Das (2602.21149) shows that classical many-body systems with local interactions have upper bounds on how chaotic they can be — and the tightest bound becomes independent of temperature in the thermodynamic limit.
Chaotic instability is quantified by the largest Lyapunov exponent: the rate at which nearby trajectories diverge. In quantum systems, the Maldacena-Shenker-Stanford bound provides a universal ceiling on chaos growth tied to temperature. No such universal bound exists for classical systems. Das provides the next best thing: explicit, Hamiltonian-specific bounds that depend on inertia and interaction geometry.
The bounds separate into two classes.

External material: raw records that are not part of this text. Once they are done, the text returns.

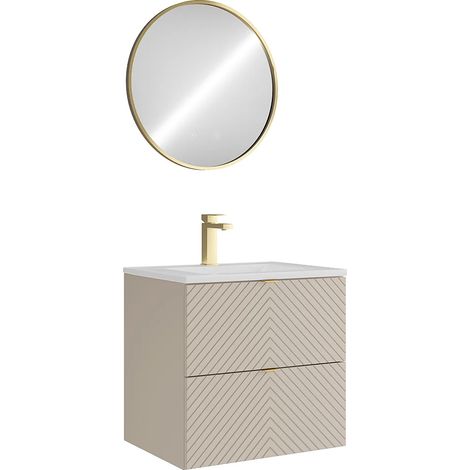 Meuble de salle de bain suspendu en chevrons avec vasque à encastrer, robinet et miroir - Beige - 60 cm - DORIONI (1/5)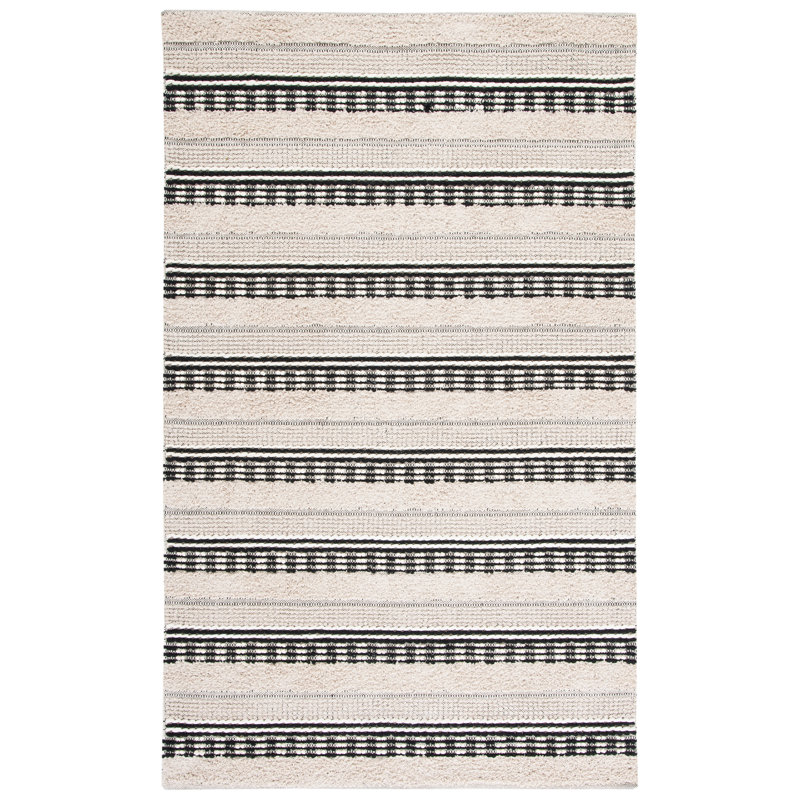 Tapis rayé beige / noir en coton tissé à la main Alva, Rectangulaire 3 pi x 5 pi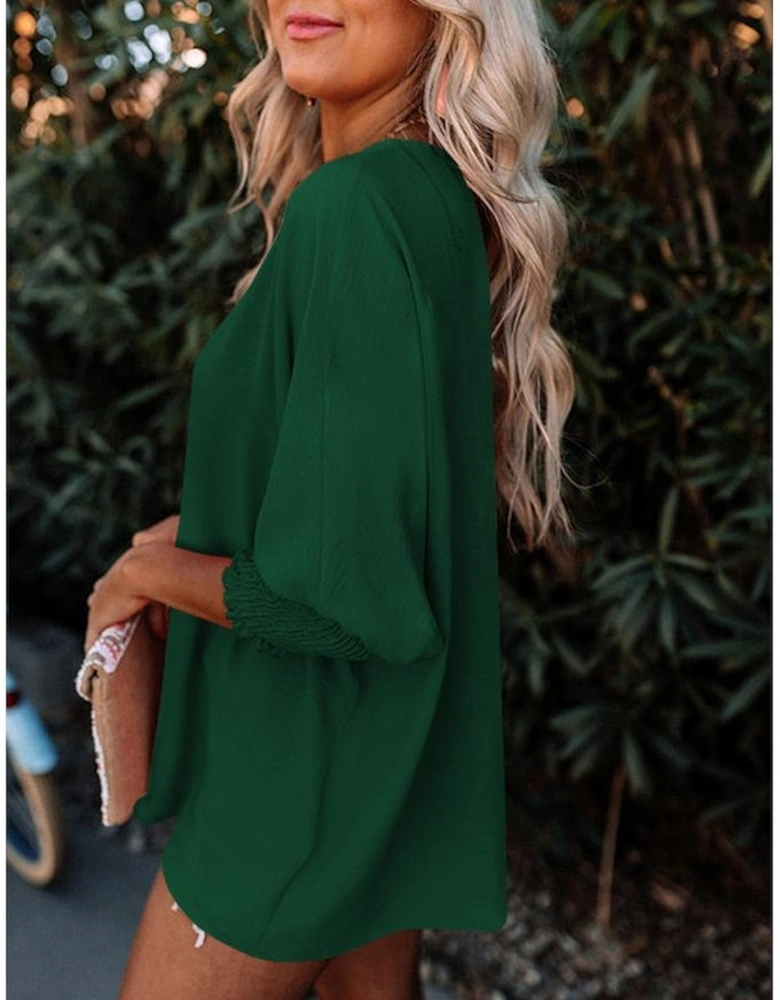 Green Smocked Wrist Shift Top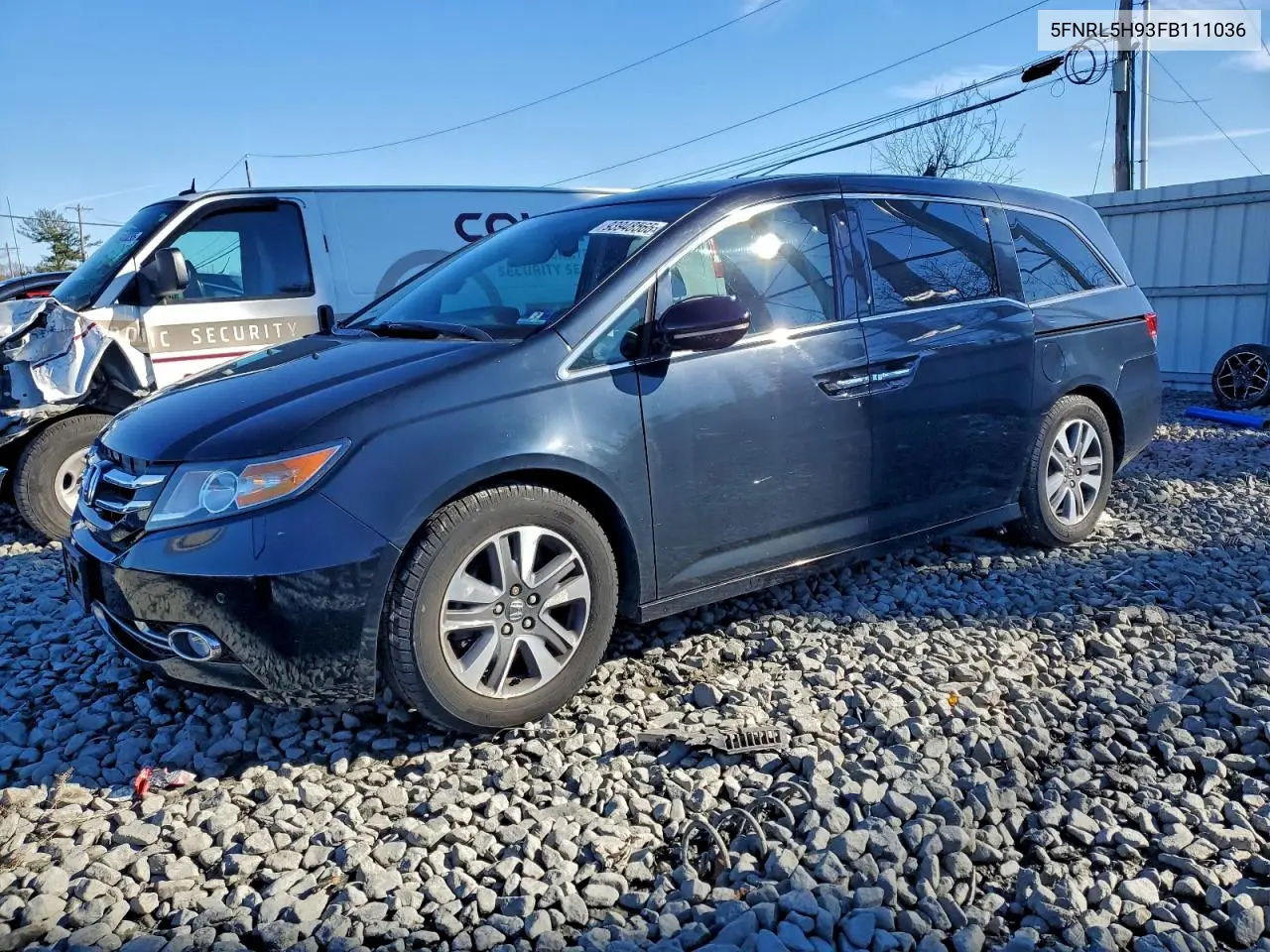 5FNRL5H93FB111036 2015 Honda Odyssey Touring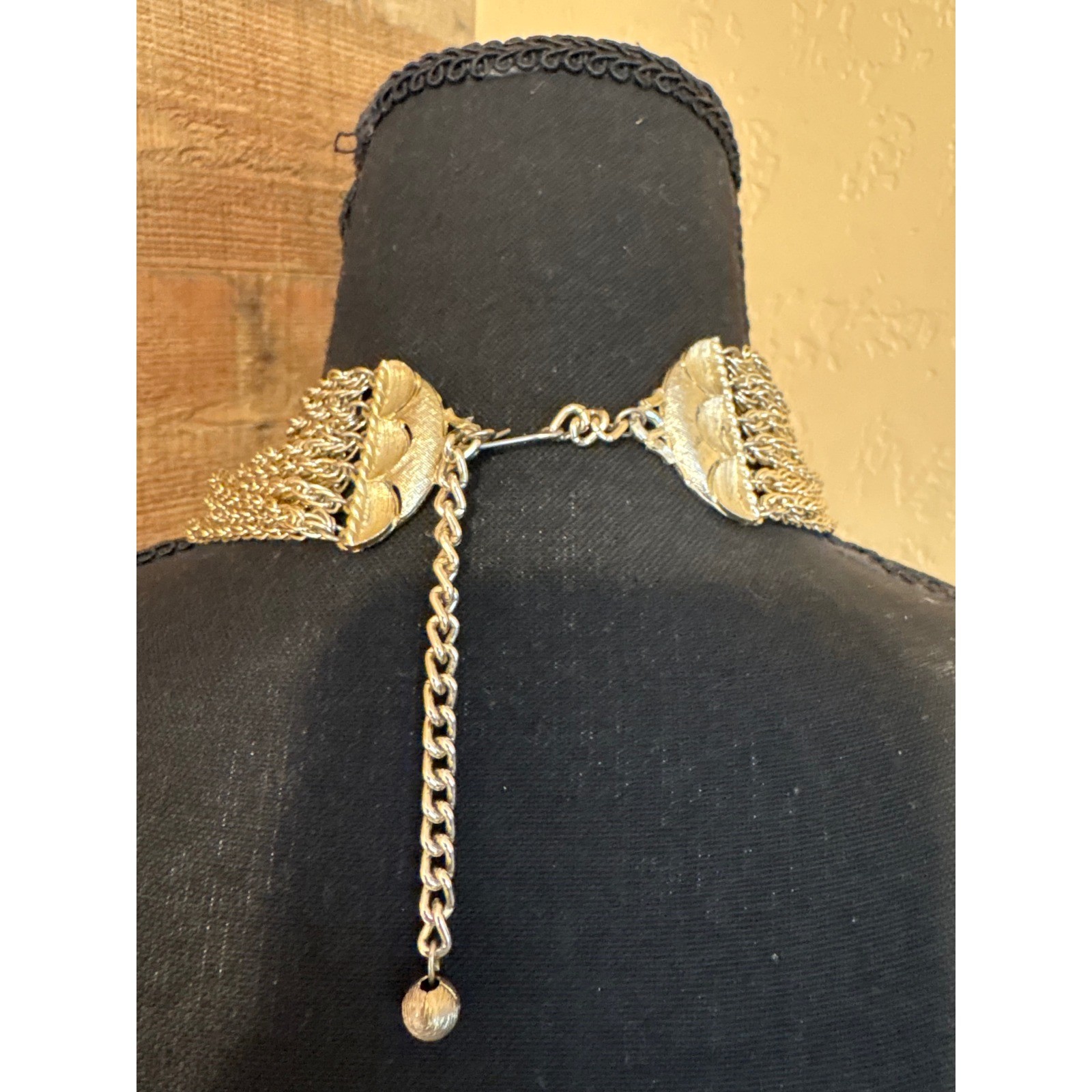 Vintage Silver Multi 6 Strand Chain Necklace Layered Statement Hook Closure J124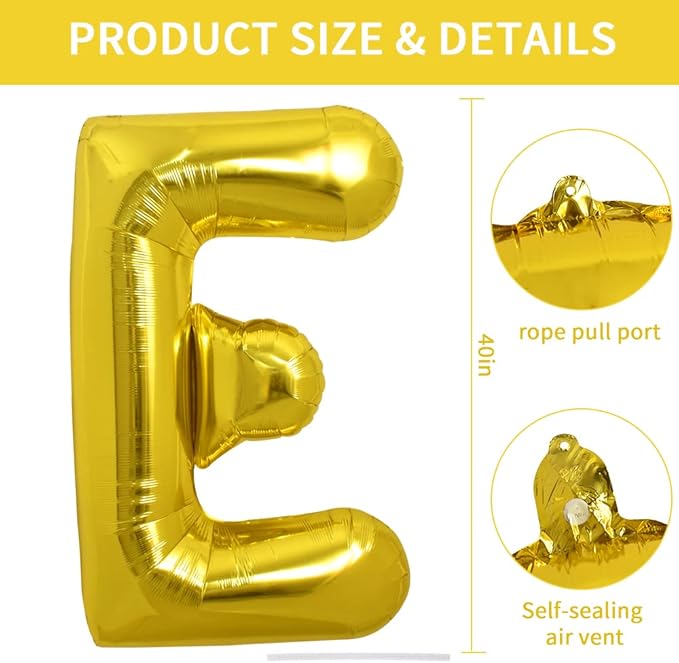TONIFUL 40 Inch Large Gold Letter E Balloons, Foil Mylar Big Balloons for Birthday Party Anniversary Supplies Decorations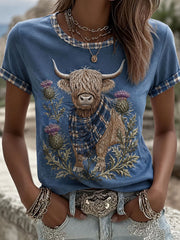 Damen-Highland-Denim-T-Shirt mit Karomuster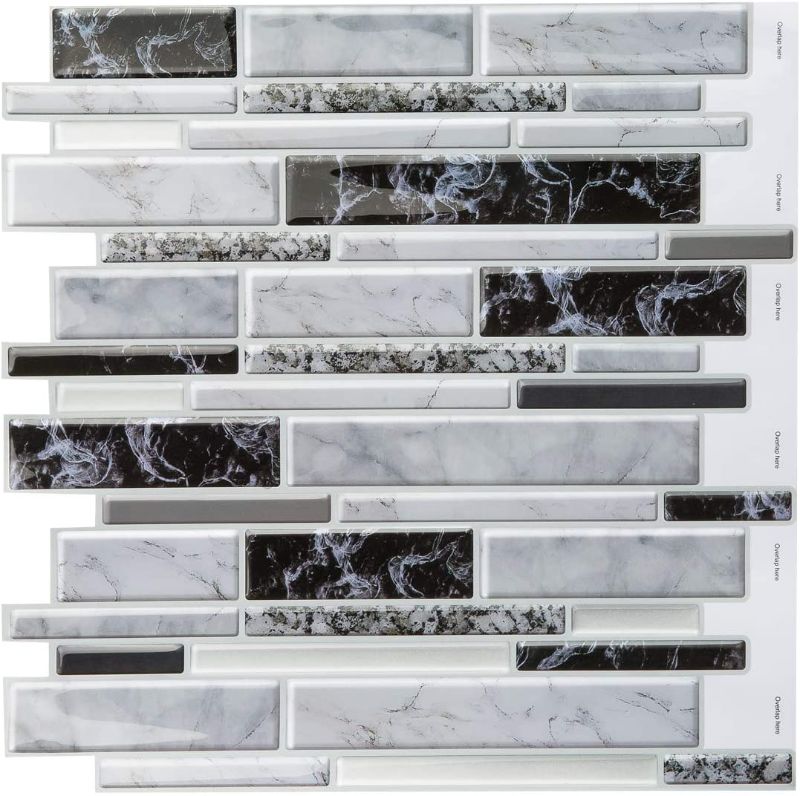 Photo 1 of Decopus 3D Marble Tile Peel and Stick Backsplash (Long Shape - Marble White Black 5pc/Pack) for Flooring Kitchen, Bathroom Wall Accents, Self Adhesive Vinyl...
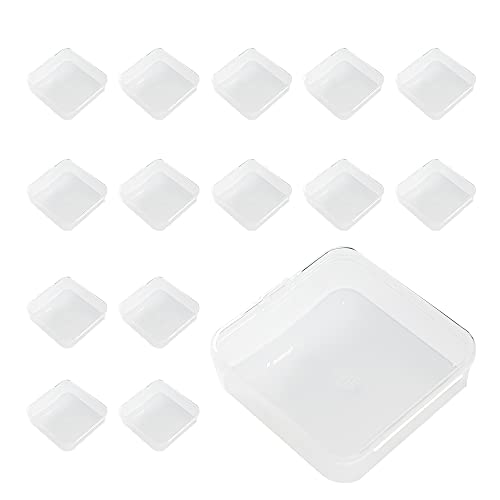 WYAN 15 Stück Plastik Transparent Aufbewahrungsbox,mit Deckel,für Kleine Perlen, Pillen, Schmuck, Schrauben Sortierbox, Bastelzubehör(6.4 x 6.4cm) von WYAN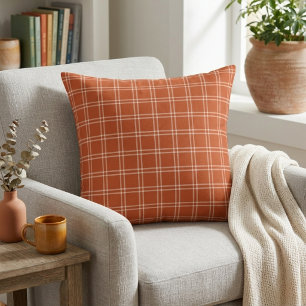 Coussin de jet rustique cosy carreau de citrouille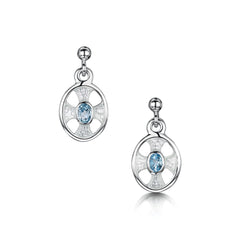 Cross of the Kirk Small Blue Topaz Drop Earrings in Crystal Enamel by Sheila Fleet Jewellery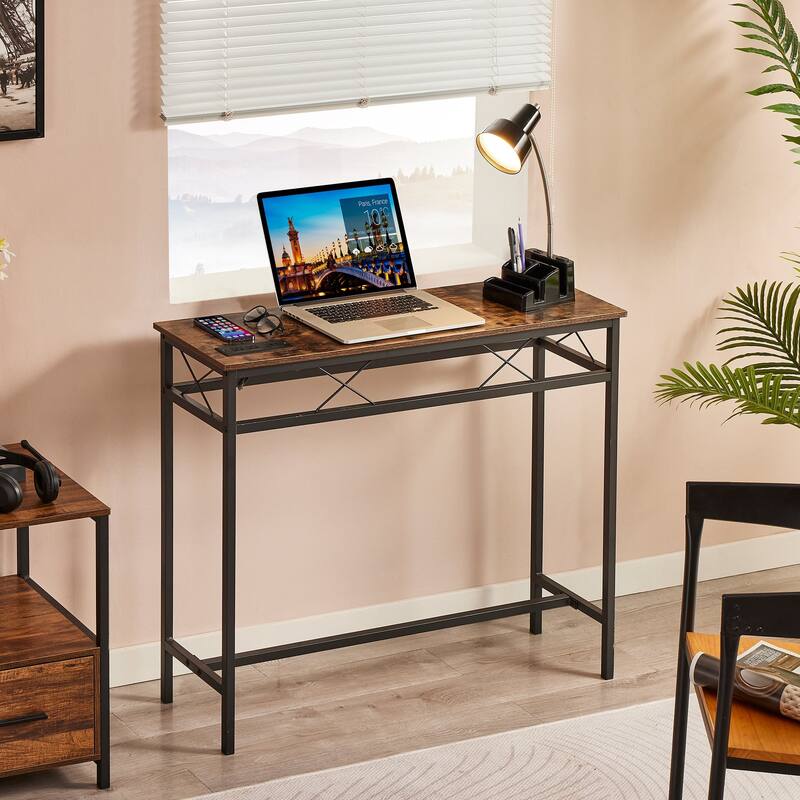 VECELO Industrial Rectangular Wood Console Table with AC Power and USB Charging Ports - 100CM - Rustic Brown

Non-violable bounds are set by worst-case local curvature of the interaction potential and are insensitive to spatial structure — they hold instantaneously regardless of the system's state. Ergodic ceilings are tighter: they retain spectral information about collective modes and finite-size effects and hold under generic dynamical evolution. The ergodic ceiling captures collective suppression mechanisms that the non-violable bound misses.
For a one-dimensional coupled-rotor chain (a Josephson junction array), the ergodic ceiling has a closed analytic form. It creates a dynamically inaccessible region in the Lyapunov exponent-energy plane — a forbidden zone that the system cannot sustain chaotic growth into. Numerics confirm the prediction.
The striking result: in the thermodynamic limit, the ergodic ceiling approaches an inertial ceiling that depends only on the particle mass and interaction range, independent of temperature and coupling strength. The system's maximum chaos rate is set by its inertia — how quickly particles can respond to forces — and the geometry of their interactions. Heat the system arbitrarily and the chaos ceiling stays fixed. The memory of initial conditions has a minimum lifetime determined by mass and geometry alone.